======== Provided records ========
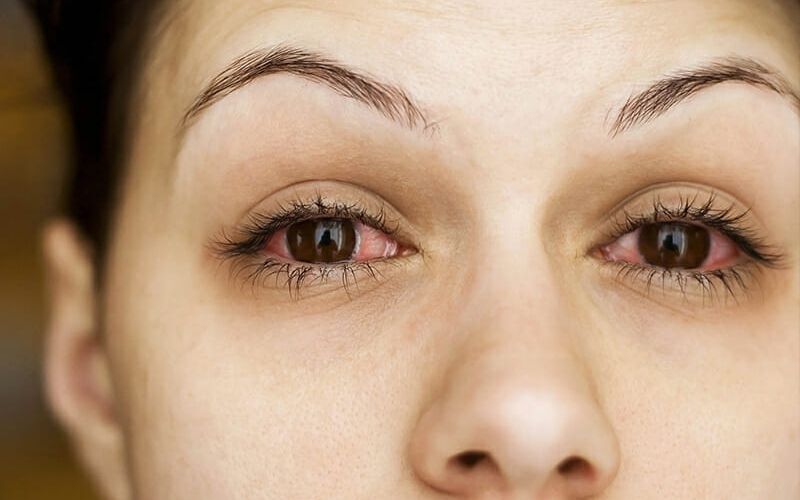 Bệnh về mắt thường gặp và nguyên nhân mắc phải do đâu?
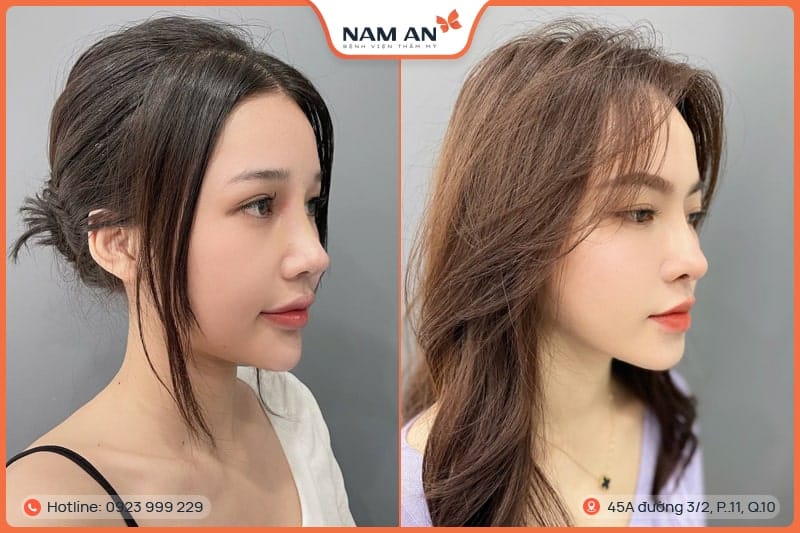 Nâng Mũi S-Line Cấu Trúc Khởi Tạo Đường Cong Mềm Mại (16)
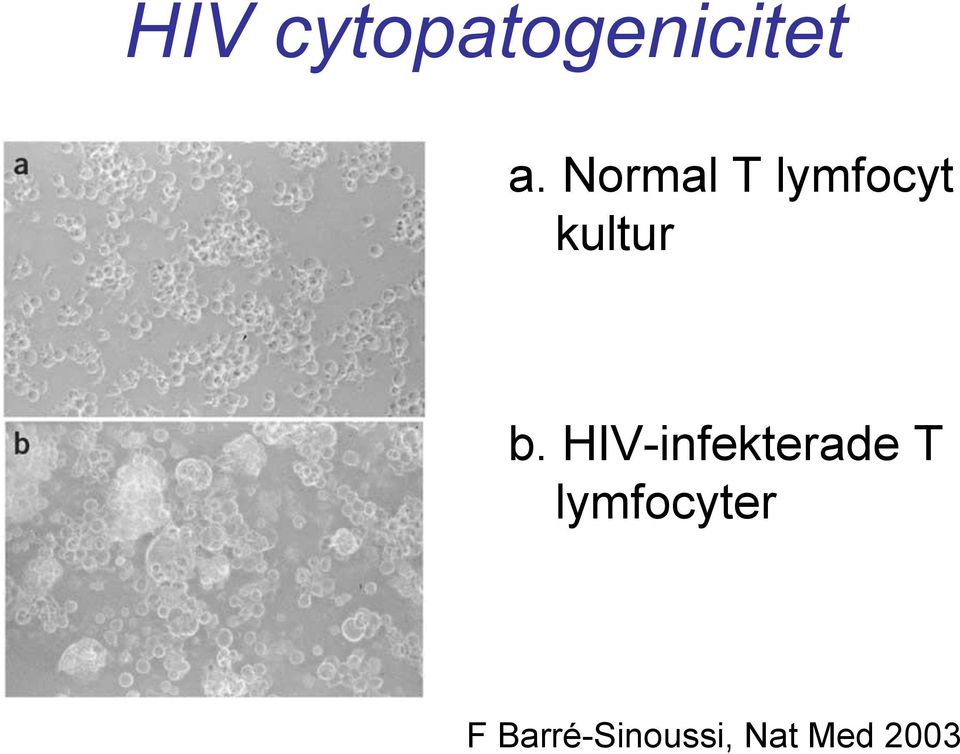 HIV-infekterade T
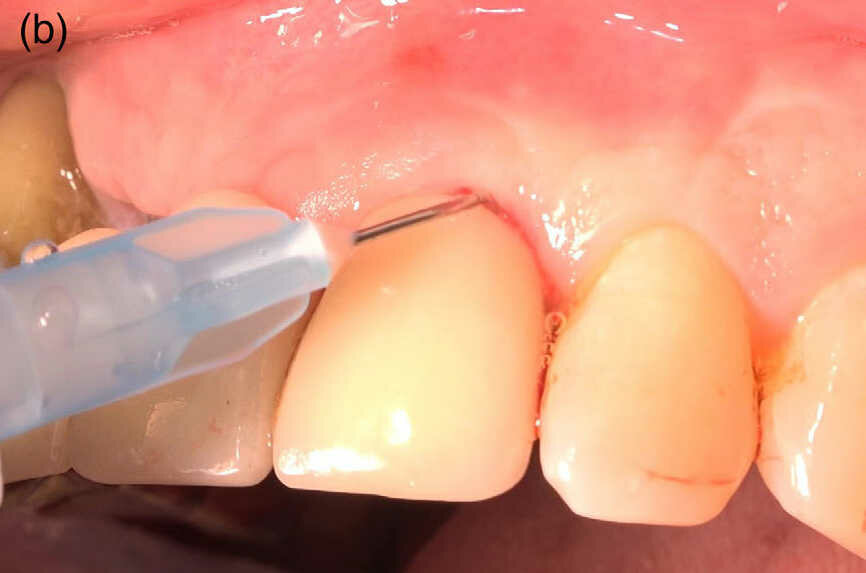 Fig 1 (b) : Injection d’hypochlorite de sodium à 0,95 % dans le sillon gingivo-dentaire, attente de 30 secondes pour un ramollissement du tissu de granulation et sa préparation pour une dégranulation par une curette.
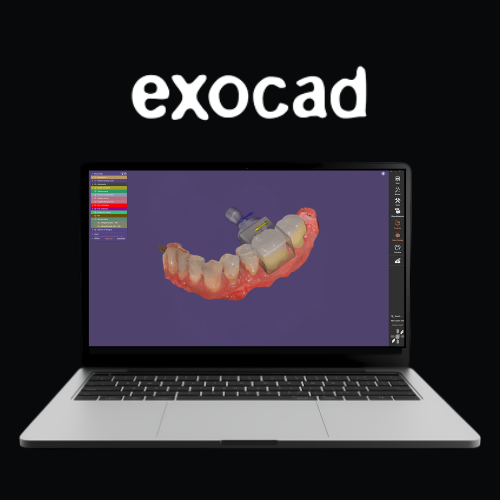 exocad CAD/CAM Design Software – Voxel Dental
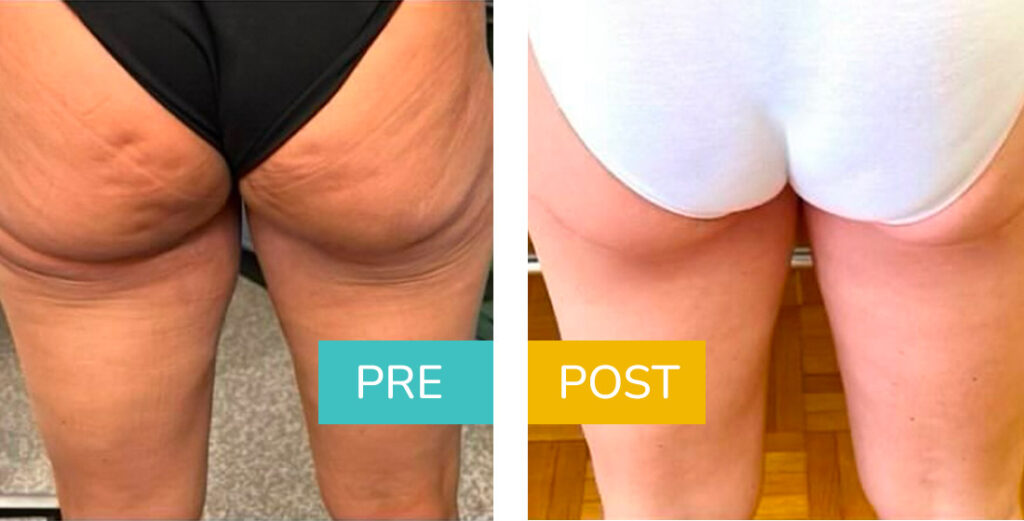 liposuzione-gambe
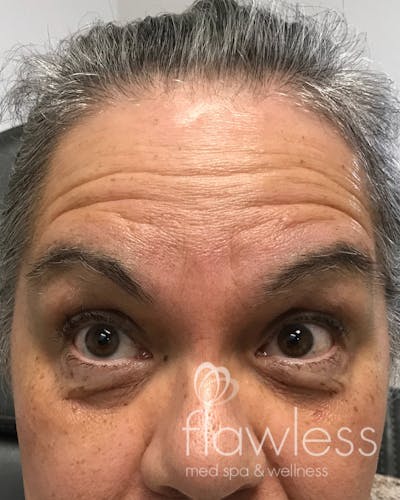 BOTOX Before & After Gallery - Patient 175045794 - Image 1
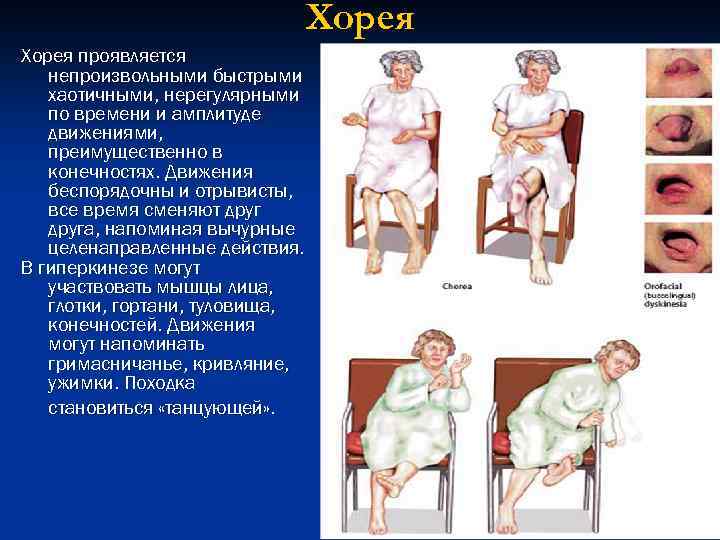 Хорея проявляется непроизвольными быстрыми хаотичными, нерегулярными по времени и амплитуде движениями, преимущественно в конечностях.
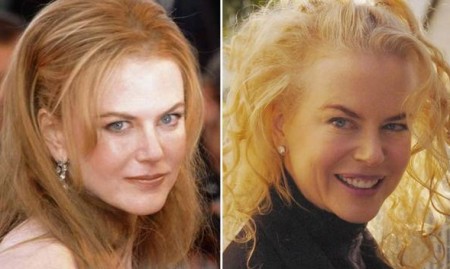 Nicole Kidman usa il botox
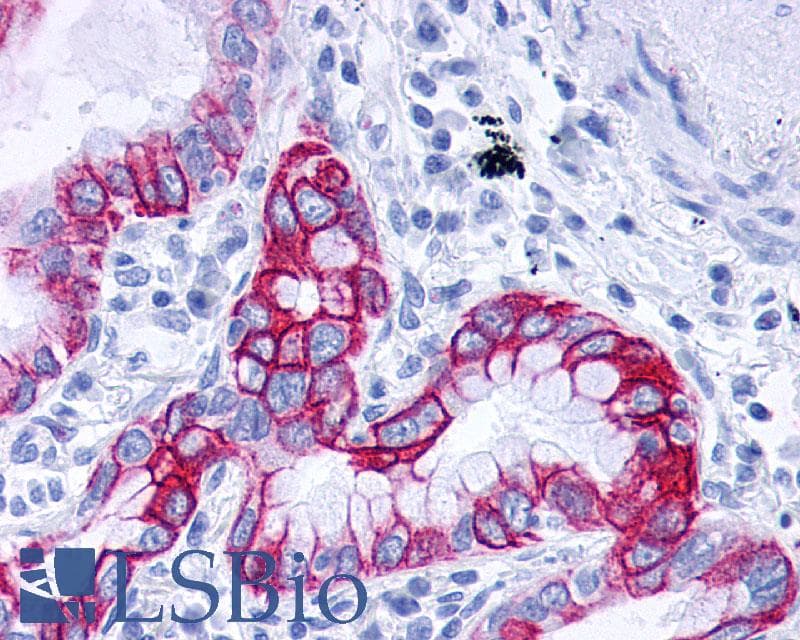 PathPlus™ Polyclonal Rabbit anti-Human GPBAR1 / TGR5 Antibody (C-Terminus, IHC)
========
Set down exactly the lines of the entries above from the one holding "Хорея проявляется непроизвольными" through the last one, including both, with the pictures left out.

● **Exercise output**
 Хорея проявляется непроизвольными быстрыми хаотичными, нерегулярными по времени и амплитуде движениями, преимущественно в конечностях.
 Nicole Kidman usa il botox
 PathPlus™ Polyclonal Rabbit anti-Human GPBAR1 / TGR5 Antibody (C-Terminus, IHC)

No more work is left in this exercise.